---------- Provided data ----------

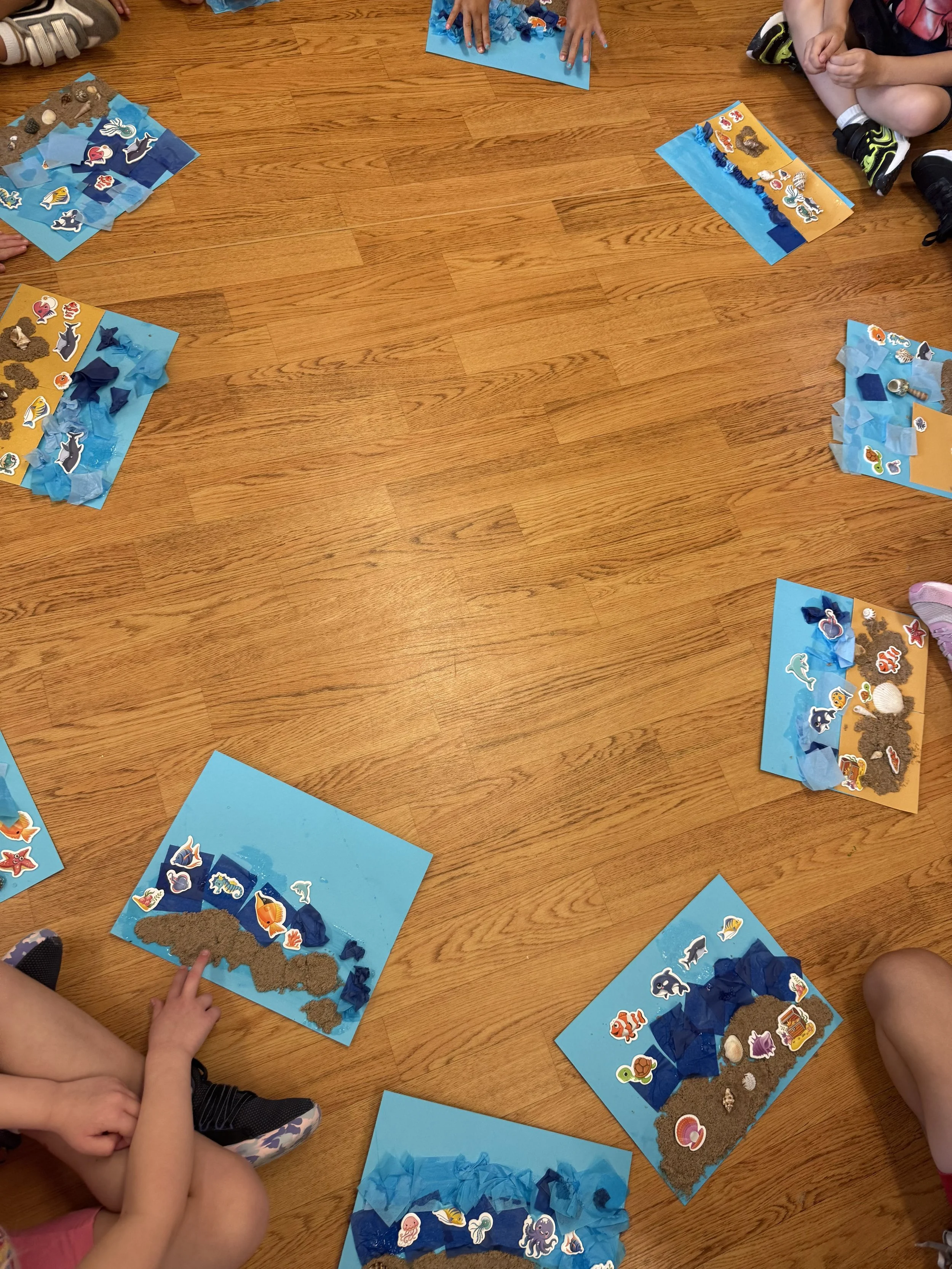 Children's craft activity with ocean scenes on blue and yellow paper, featuring stickers and tissue paper representing sea and ocean elements, arranged in a circle on a wooden floor.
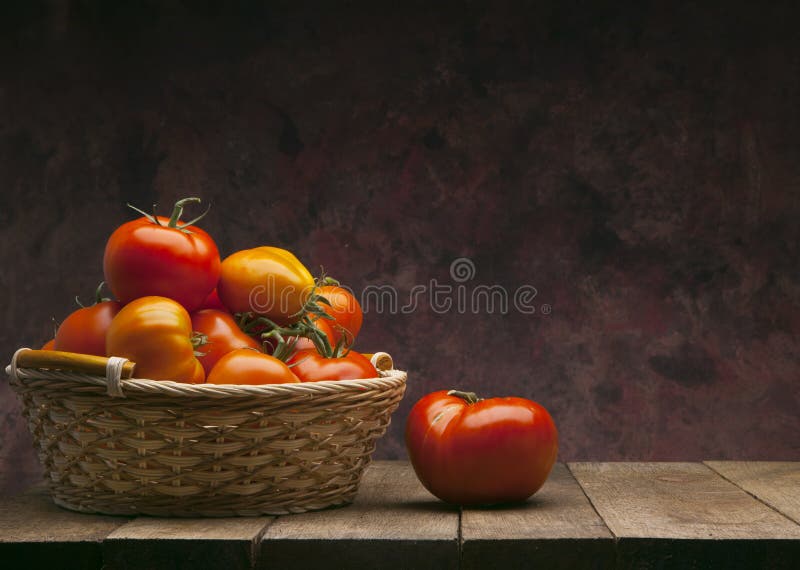 Red tomatoes in basket on dark background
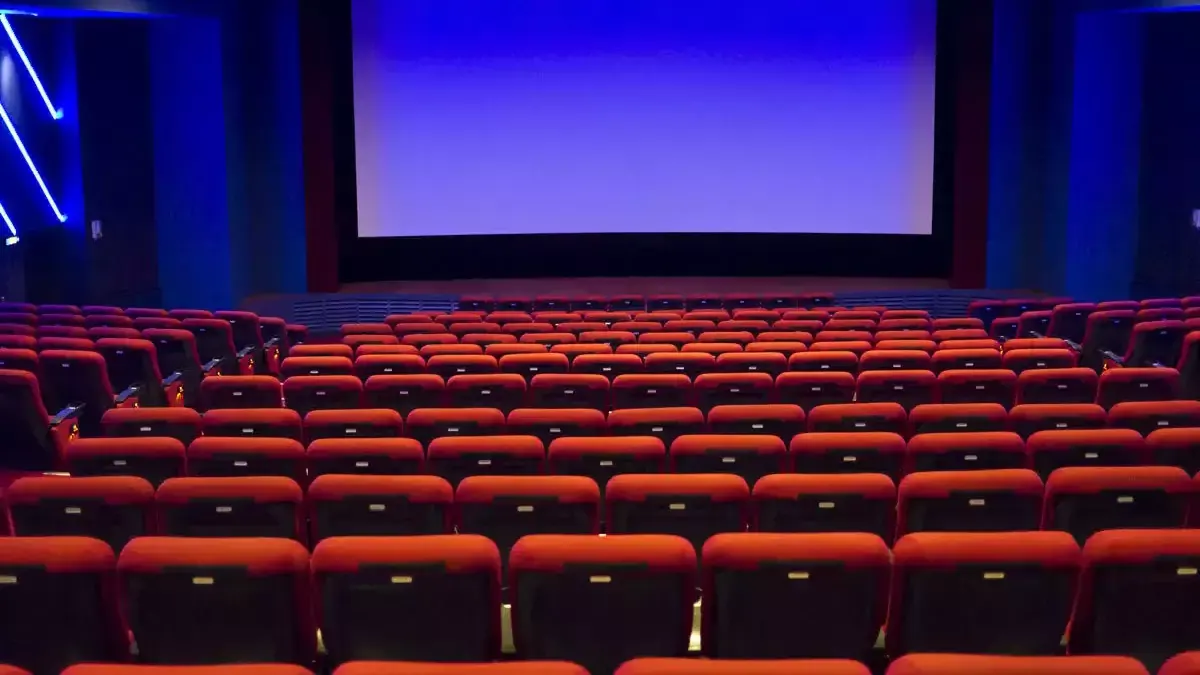Rows of red seats facing a cinema screen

----------

● Work order
Repeat all the material above exactly, apart from the pictures.

● Completed exercise
 Children's craft activity with ocean scenes on blue and yellow paper, featuring stickers and tissue paper representing sea and ocean elements, arranged in a circle on a wooden floor.
 Red tomatoes in basket on dark background
Rows of red seats facing a cinema screen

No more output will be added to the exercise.